Oireachtas Joint and Select Committees

Wednesday, 21 February 2024

Select Committee on Housing, Planning and Local Government

Planning and Development Bill 2023: Committee Stage (Resumed)

Photo of Aengus Ó SnodaighAengus Ó Snodaigh (Dublin South Central, Sinn Fein) | Oireachtas source

Amendments Nos. 599 and 600 relate to obligations on the planning authorities and the commission to have regard to certain matters. The matter we are trying to introduce here is to ensure that the context in which a protected structure exists, and not just the structure itself, is also taken into account when the planning authorities and commission are making any findings or reviewing planning in relation to it. I explained in my earlier contribution that the context around a monument is very important because if we change the context, it often changes how we look at that monument. It can end up being dwarfed or shadowed by buildings built next to it which have not actually interfered with the structure itself. The buildings are interfering with the context and I gave a number of examples. If the Hammerson plan, which has been endorsed by the Tánaiste, is allowed to go ahead in Moore Street, the changes in that plan would have the effect of changing the context of the street itself, rather than protecting it.

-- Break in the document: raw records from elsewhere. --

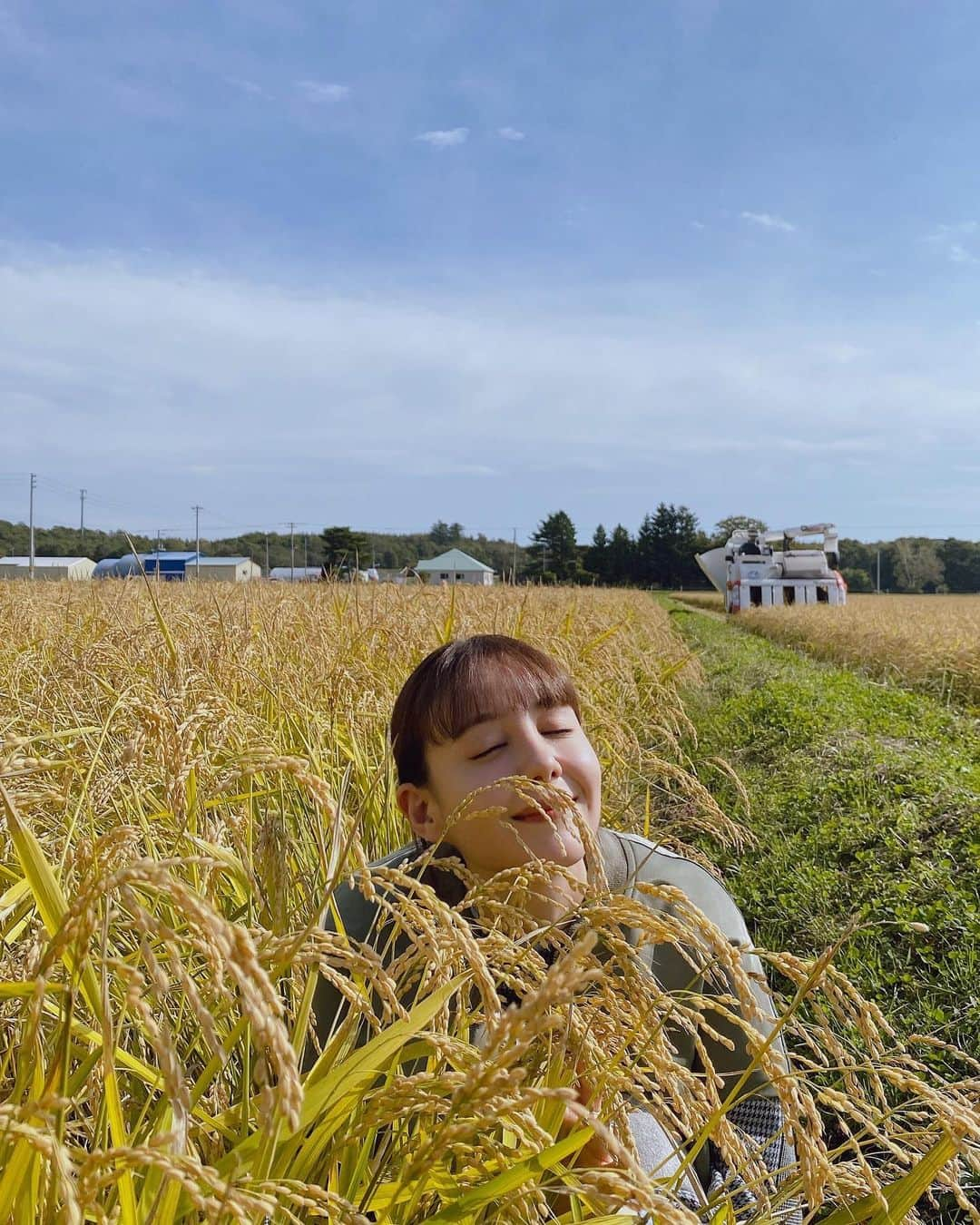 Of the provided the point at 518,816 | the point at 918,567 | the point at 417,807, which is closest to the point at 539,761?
the point at 518,816

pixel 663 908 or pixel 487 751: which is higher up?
pixel 487 751

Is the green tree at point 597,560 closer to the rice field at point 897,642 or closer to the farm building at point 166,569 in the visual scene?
the farm building at point 166,569

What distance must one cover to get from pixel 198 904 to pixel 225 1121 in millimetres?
747

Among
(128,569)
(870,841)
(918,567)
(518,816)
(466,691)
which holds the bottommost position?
(870,841)

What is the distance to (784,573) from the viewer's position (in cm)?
2347

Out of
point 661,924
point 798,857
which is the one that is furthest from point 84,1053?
point 798,857

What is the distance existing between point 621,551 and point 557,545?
8.34 m

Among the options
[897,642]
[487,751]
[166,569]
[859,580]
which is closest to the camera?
[487,751]

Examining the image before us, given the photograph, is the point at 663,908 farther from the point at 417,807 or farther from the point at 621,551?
the point at 621,551

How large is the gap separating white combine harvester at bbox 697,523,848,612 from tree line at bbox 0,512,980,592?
2760 centimetres

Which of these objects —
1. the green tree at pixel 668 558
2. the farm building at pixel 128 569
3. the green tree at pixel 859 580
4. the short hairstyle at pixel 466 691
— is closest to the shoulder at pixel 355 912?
the short hairstyle at pixel 466 691

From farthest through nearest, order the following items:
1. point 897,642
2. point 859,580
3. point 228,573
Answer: point 859,580, point 228,573, point 897,642

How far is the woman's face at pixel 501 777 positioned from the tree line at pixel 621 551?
47.0 metres

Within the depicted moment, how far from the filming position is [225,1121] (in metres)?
1.10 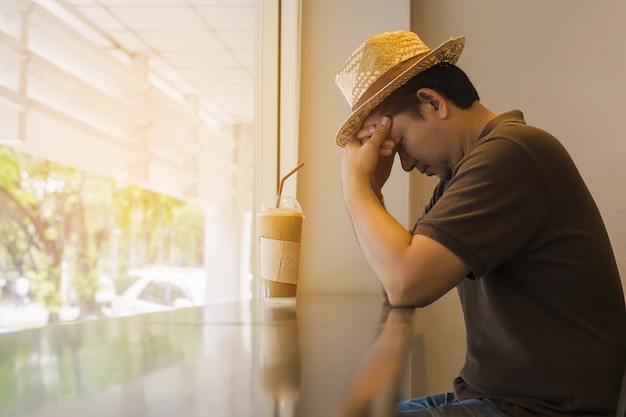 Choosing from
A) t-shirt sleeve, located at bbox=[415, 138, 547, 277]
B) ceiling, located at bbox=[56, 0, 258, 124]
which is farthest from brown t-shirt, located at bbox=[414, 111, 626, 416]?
ceiling, located at bbox=[56, 0, 258, 124]

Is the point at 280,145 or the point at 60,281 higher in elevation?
the point at 280,145

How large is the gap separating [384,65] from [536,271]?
1.93ft

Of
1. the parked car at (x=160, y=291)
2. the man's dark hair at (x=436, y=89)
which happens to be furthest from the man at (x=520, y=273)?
the parked car at (x=160, y=291)

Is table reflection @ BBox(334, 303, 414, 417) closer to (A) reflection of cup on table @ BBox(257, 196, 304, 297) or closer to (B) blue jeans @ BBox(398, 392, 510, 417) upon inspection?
(B) blue jeans @ BBox(398, 392, 510, 417)

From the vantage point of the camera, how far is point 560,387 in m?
1.09

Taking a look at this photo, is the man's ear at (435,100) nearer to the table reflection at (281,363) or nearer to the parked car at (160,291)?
the table reflection at (281,363)

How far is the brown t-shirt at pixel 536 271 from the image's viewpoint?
43.4 inches

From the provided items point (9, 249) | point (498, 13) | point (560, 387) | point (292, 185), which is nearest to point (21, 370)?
point (560, 387)

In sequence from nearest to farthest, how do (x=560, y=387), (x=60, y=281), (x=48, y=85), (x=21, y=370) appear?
1. (x=21, y=370)
2. (x=560, y=387)
3. (x=48, y=85)
4. (x=60, y=281)

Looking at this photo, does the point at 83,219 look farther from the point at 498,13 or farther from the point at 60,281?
the point at 498,13

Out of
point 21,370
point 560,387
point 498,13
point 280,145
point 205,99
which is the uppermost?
point 205,99

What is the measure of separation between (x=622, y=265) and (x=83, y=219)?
4.76 m

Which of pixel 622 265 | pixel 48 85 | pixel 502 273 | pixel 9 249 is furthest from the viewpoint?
pixel 9 249

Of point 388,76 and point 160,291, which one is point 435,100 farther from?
point 160,291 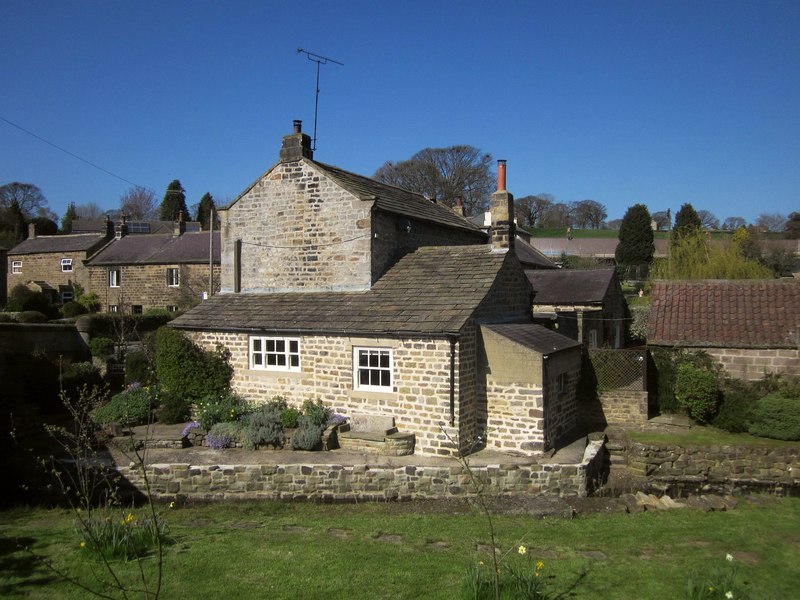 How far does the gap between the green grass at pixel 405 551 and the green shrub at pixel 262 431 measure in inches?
105

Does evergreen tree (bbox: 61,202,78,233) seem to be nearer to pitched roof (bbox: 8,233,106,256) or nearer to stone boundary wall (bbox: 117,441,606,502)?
pitched roof (bbox: 8,233,106,256)

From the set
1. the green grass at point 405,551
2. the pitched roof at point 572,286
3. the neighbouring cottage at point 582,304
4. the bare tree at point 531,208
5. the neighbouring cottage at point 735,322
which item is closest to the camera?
the green grass at point 405,551

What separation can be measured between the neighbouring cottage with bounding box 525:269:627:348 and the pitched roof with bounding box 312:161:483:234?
4929mm

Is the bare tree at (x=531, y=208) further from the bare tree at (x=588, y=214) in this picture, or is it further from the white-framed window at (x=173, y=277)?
the white-framed window at (x=173, y=277)

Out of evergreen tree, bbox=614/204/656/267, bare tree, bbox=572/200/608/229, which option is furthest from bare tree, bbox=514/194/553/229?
evergreen tree, bbox=614/204/656/267

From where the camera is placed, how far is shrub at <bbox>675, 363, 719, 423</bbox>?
55.4 ft

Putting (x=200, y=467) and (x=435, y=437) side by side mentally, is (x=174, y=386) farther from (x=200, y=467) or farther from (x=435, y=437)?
(x=435, y=437)

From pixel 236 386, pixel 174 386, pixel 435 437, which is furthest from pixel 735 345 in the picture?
pixel 174 386

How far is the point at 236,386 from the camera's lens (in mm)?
17859

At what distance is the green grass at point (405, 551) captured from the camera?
25.6ft

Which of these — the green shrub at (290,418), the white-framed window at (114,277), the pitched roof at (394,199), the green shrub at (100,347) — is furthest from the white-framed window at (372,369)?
the white-framed window at (114,277)

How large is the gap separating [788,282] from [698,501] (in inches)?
447

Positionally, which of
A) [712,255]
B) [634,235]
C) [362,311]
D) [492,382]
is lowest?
[492,382]

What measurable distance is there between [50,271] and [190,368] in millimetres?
33985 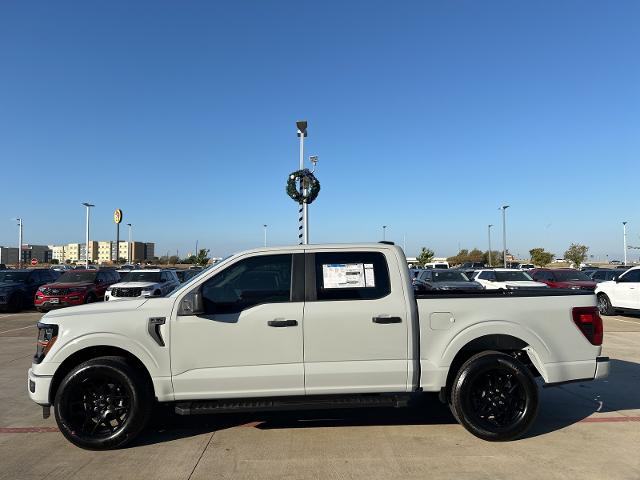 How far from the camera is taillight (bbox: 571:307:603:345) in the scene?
16.8 feet

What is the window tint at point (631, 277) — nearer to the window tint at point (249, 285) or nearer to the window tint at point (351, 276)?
the window tint at point (351, 276)

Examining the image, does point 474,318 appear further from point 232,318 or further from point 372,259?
point 232,318

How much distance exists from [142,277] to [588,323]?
14981mm

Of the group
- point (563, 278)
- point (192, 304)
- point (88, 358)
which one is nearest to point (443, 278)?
point (563, 278)

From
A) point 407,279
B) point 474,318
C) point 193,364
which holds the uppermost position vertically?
point 407,279

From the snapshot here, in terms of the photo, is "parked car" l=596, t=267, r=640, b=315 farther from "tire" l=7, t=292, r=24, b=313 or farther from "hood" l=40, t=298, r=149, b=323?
"tire" l=7, t=292, r=24, b=313

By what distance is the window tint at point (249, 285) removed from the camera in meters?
4.87

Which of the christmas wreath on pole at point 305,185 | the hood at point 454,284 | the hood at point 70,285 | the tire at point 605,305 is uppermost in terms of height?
the christmas wreath on pole at point 305,185

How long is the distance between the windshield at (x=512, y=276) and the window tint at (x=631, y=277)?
3.04 meters

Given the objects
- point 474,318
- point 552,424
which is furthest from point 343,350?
point 552,424

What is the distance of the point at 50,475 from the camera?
13.9 ft

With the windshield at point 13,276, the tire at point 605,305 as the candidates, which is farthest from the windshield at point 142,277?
the tire at point 605,305

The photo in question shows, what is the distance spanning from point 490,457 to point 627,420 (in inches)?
85.8

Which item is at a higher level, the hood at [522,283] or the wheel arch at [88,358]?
the hood at [522,283]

The national monument as it existed under this Government was four buildings until the High Court decided that it was a whole terrace. There was a context to that street and therefore you change it once you start building high-rise buildings on it or buildings that take away from the impact of that. The heritage value or the character of a building can be directly affected if we do not take the context into account. In an urban setting, that can often mean that when planning permission is granted for buildings there is a requirement that they are set back in some way, or stepped back if they are high rise, to allow for the full effect of a building. In rural areas, it can mean that developments are not built at all because the context of the landscape and the sight lines would be affected and therefore the beauty or effect of an historical protected structure could be impacted. What may have been a spectacular sight could be negatively affected. Let us take the example of the fine stately homes built by the ascendancy around the country, some of which were burned or wrecked during the War of Independence. If someone built a cluster of high-rise agricultural or industrial buildings or apartment blocks next to them, the context of those buildings would be altered. Many of them are protected structures because of the era in which they were built, with some dating as far back as the 16th century or even earlier.